The strategic planner's challenge – balancing between principle and pragmatism – is a paradox of universalism. A precept is universal if it applies everywhere at all times. No exceptions or violations are tolerable. For instance, a public health department may adopt the strategic principle of immediate detection and eradication of a specific epidemic disease (such as tuberculosis) despite the heavy budgetary burden. No other approach is acceptable due to the perniciousness of the disease. The paradox of universalism is that unknown future contingencies may force operational violation of the principle. For example, a new, pernicious, highly infectious but poorly understood disease (such as HIV) may arise that draws away scarce resources to handle the immediate emergency.
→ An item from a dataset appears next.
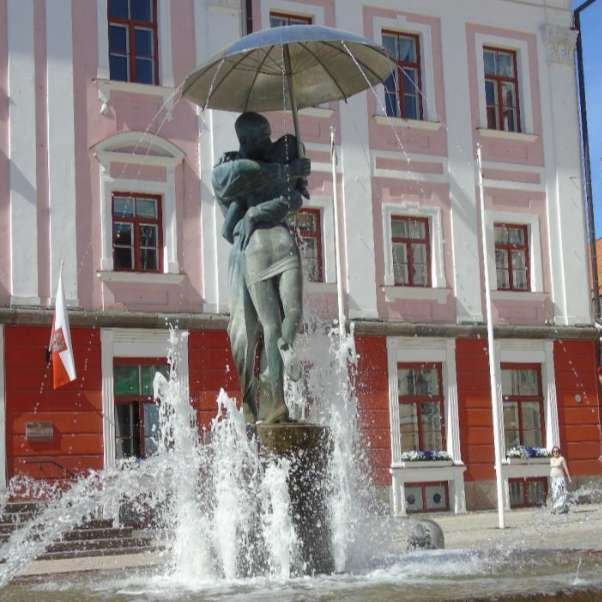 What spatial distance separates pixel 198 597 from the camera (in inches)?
266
The concept of an innovation dilemma assists in understanding and resolving the strategist's challenge. An innovative and highly promising new strategy is less familiar than a more standard strategic approach whose implications are more familiar. The innovation, while purportedly better than the standard approach, may be much worse due to uncertainty about the innovation. The resolution (never unambiguous) of the dilemma results from analysis of robustness to surprise (related to flexibility, adaptability, etc.) and is based on info-gap decision theory.

These ideas will be illustrated with historical examples and then by considering policy formulation for ameliorating rural poverty. We will consider both quantitative and qualitative analyses.